The air was so fresh, so new. I wasn’t confined in a lousy sunless 3-room flat anymore. I felt free, I was happy. I was out of the repetitive daily cycle!

Just as I was thinking that I should allow myself to get out at least once a week, I got home and was reminded by the 101 things that should have been done but wasn’t because I wasn’t home.

The stress descended upon me again – a heavy feeling of being busy beyond description. Burdened, even.

I took off the Aldo wedges I had been wearing so proudly, and changed out of the beautiful clothes that had made me feel so carefree. Once again, I was barefoot and clothed in my domestic attire. Work began immediately once the “uniform” had been donned.

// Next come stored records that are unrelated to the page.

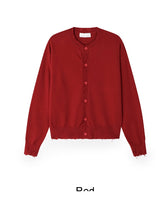 Dio Damaged Cardigan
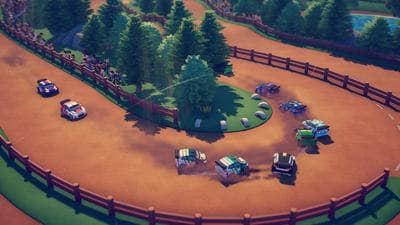 Circuit Superstars screenshot 5
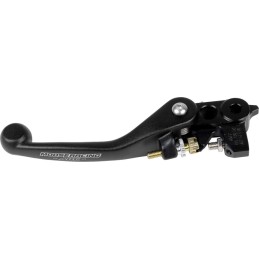 Maneta de embrague ARC Power Moose Racing negra - AC-CL-224i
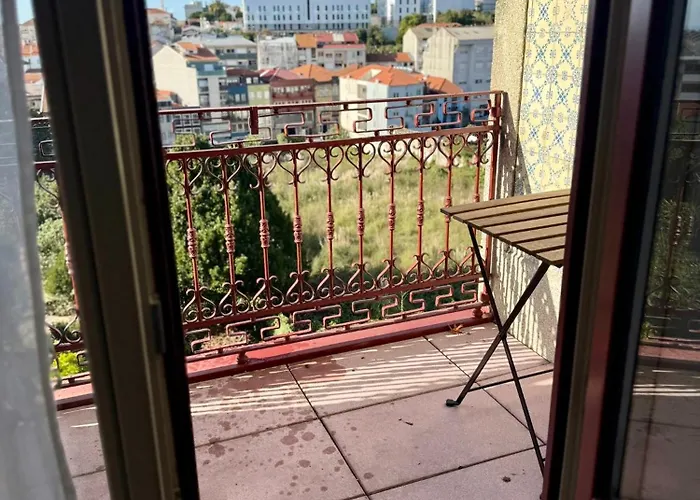 Alegria Vintage - Lejlighed Porto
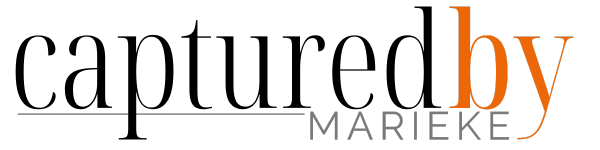 CapturedByMarieke logo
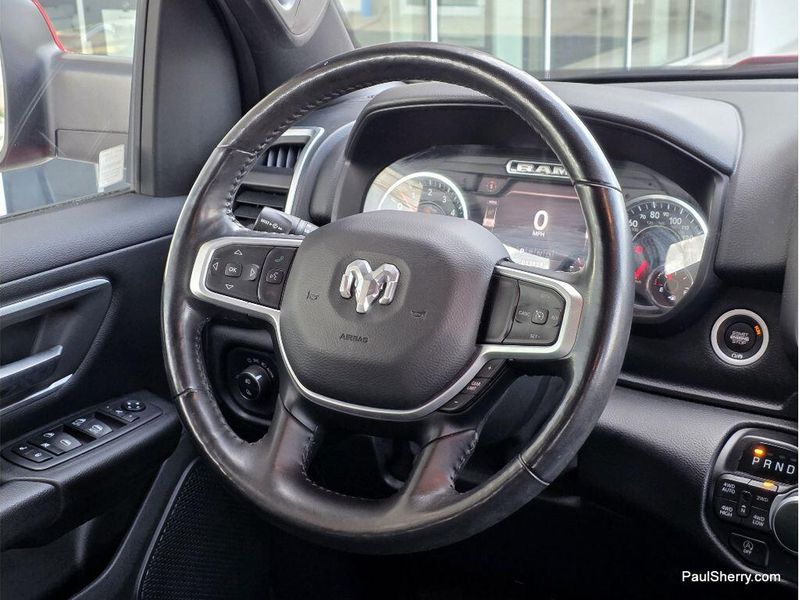 Used 2020 RAM 1500 Big Horn Night Edition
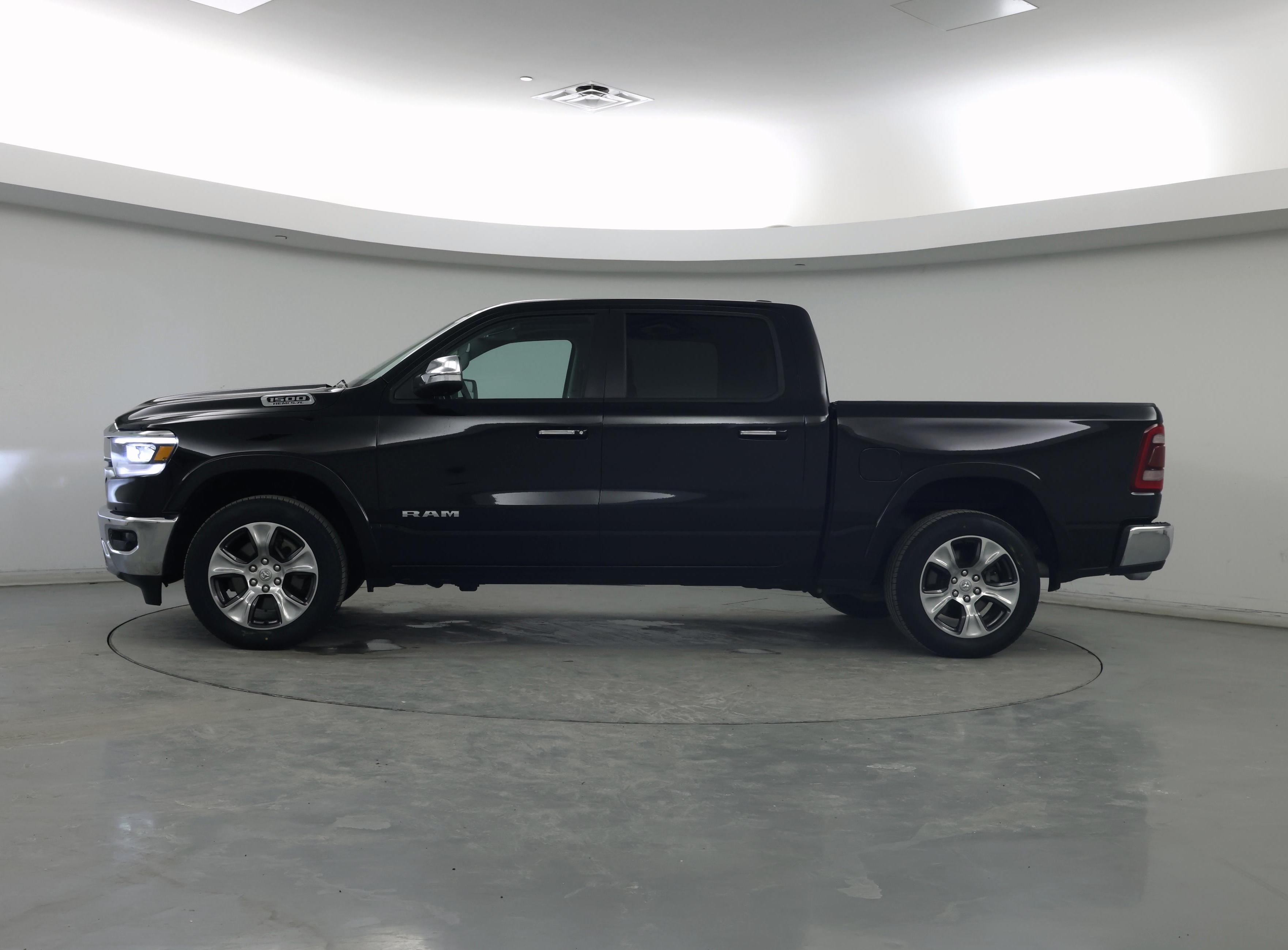 Thumbnail: 2022 RAM 1500 - 3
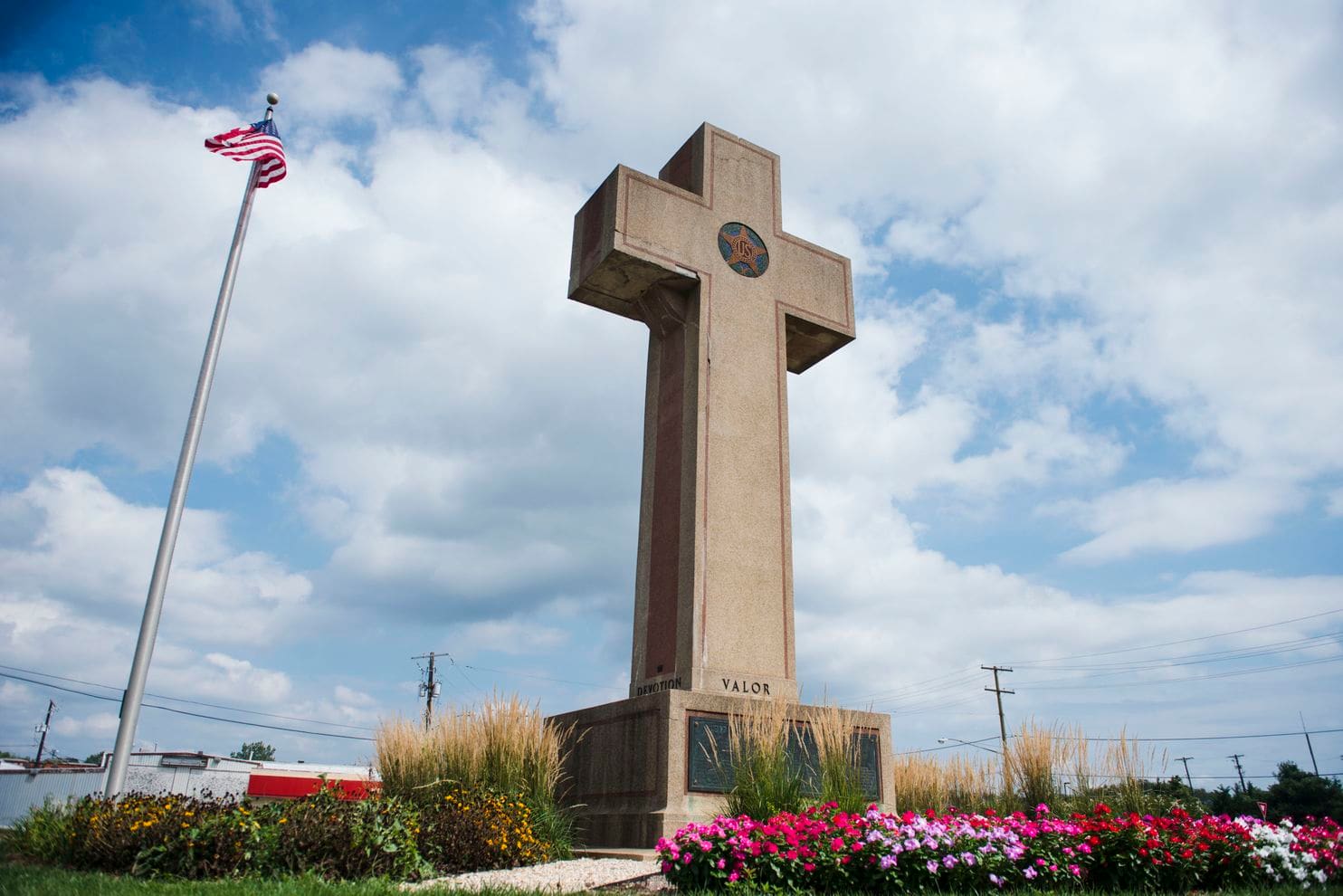 The Bladensburg WWI Memorial Cross The Federalist Society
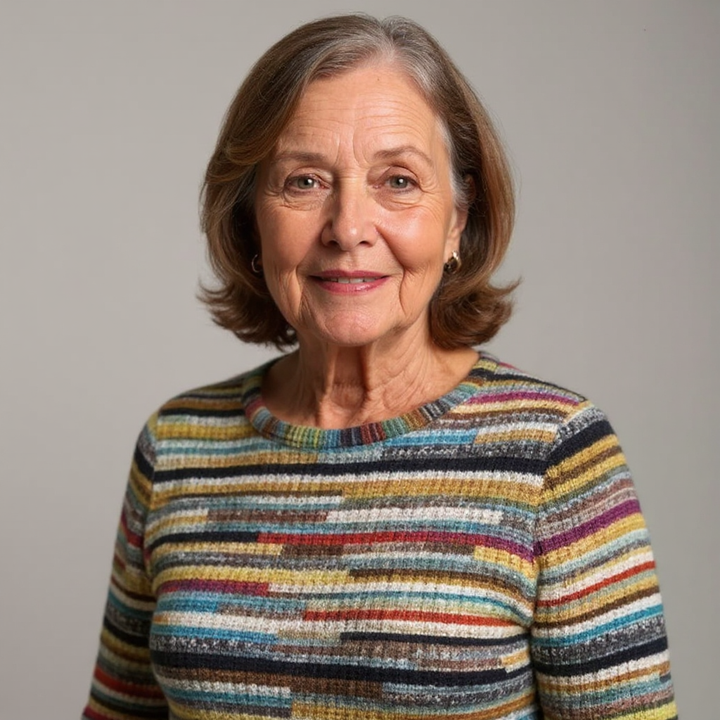 Scarlett™ | Maglione islandese senza tempo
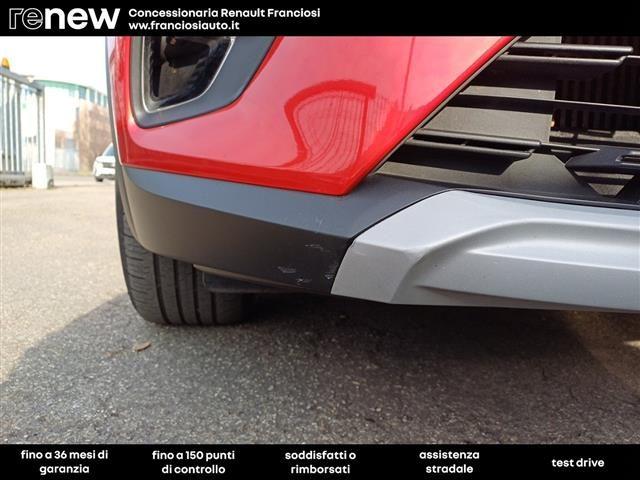 RENAULT Captur 1.0 TCE TECHNO GPL 100CV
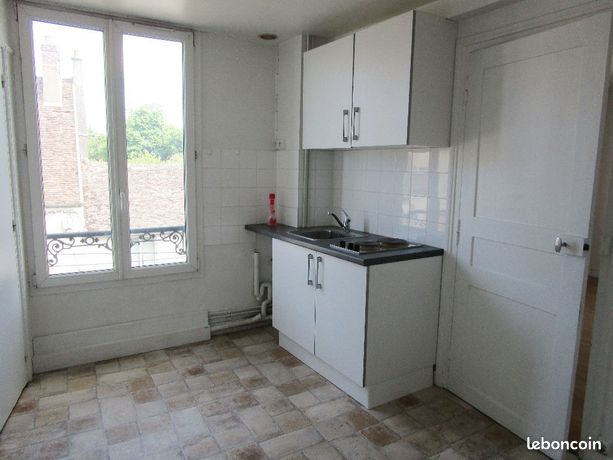 Appartement 1 pièce 26 m²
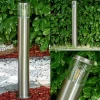 Borne lumineuse Bodio Chrome, 1 lumière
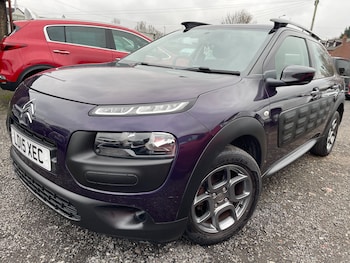 Used Citroen C4 Cactus 2015 for sale - 77408852: Photo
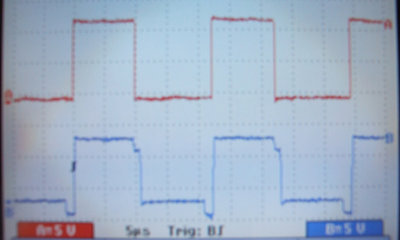 Driver with no FETs connected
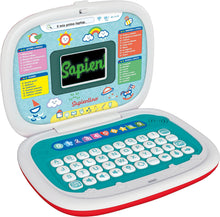 Carica l'immagine nel visualizzatore di Gallery, Clementoni Sapientino - Il Mio Primo Laptop - Computer Educativo Interattivo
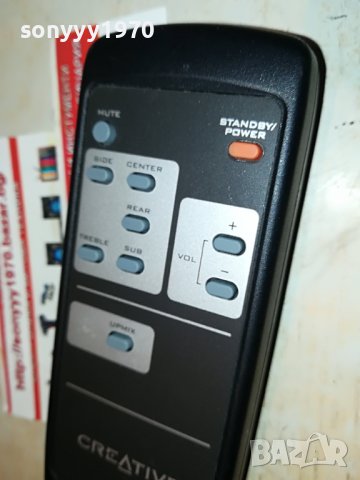 creative-remote-внос swiss 2707221315, снимка 6 - Други - 37513619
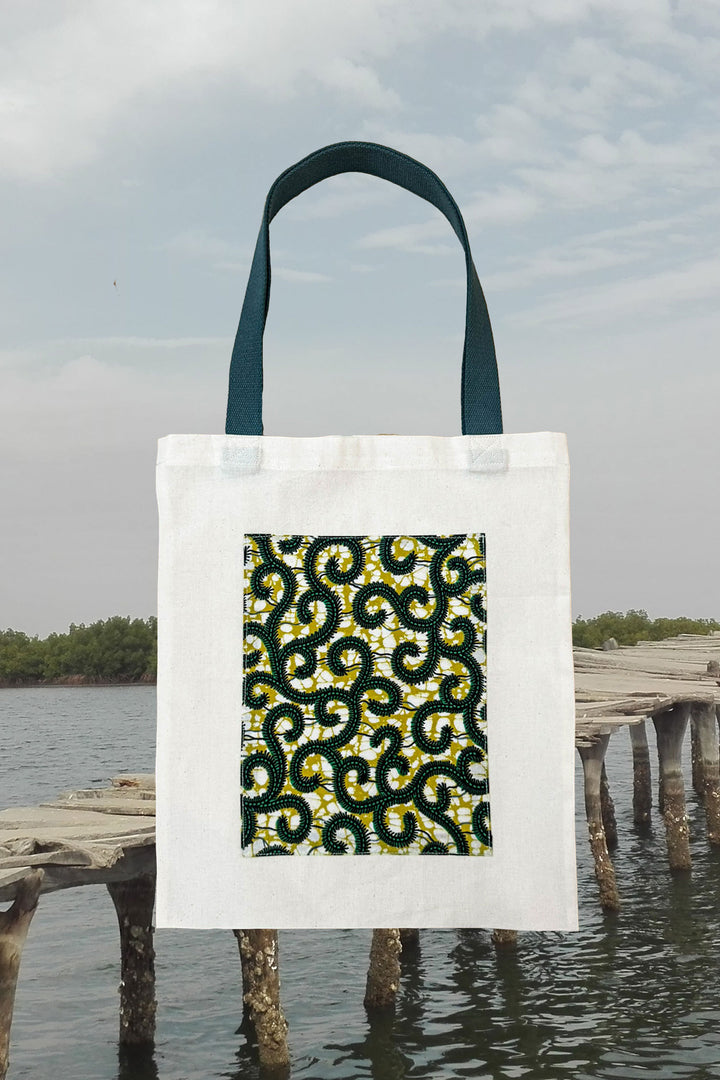 Tote bag Thiaroye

I pumped my breasts so Joshua can have breastmilk. I packed away what I had stored from earlier today, and put in what I had just reaped from my boobs. I cleaned Joshua up and tucked him into bed with the new routine that I had to rack my brains over for the whole week. Then I washed up the pump parts, changed the sterilising fluid, and soaked the clean parts in it.

It felt almost sad to be home again. To be doing this again after only 3 hours of being freed from it. Homes are meant to be a place of relaxation, away from stressful work and the demands of society. But here I am: working at home, out of home, day and night; until my hands are coarse, my cuticles dry and peeling, my back aches and my head hurts. Without even a chance to go for a decent manicure without worring about the 101 things that are waiting to be done. All this work for the monthly remuneration of… not a single cent.

Sometimes I really wonder why I decided to have kids. And why I still want more children despite feeling like this almost all the time. The joys don’t come as often, nor as easily, as what something store-bought would bring.

The stupidity of maternal instincts.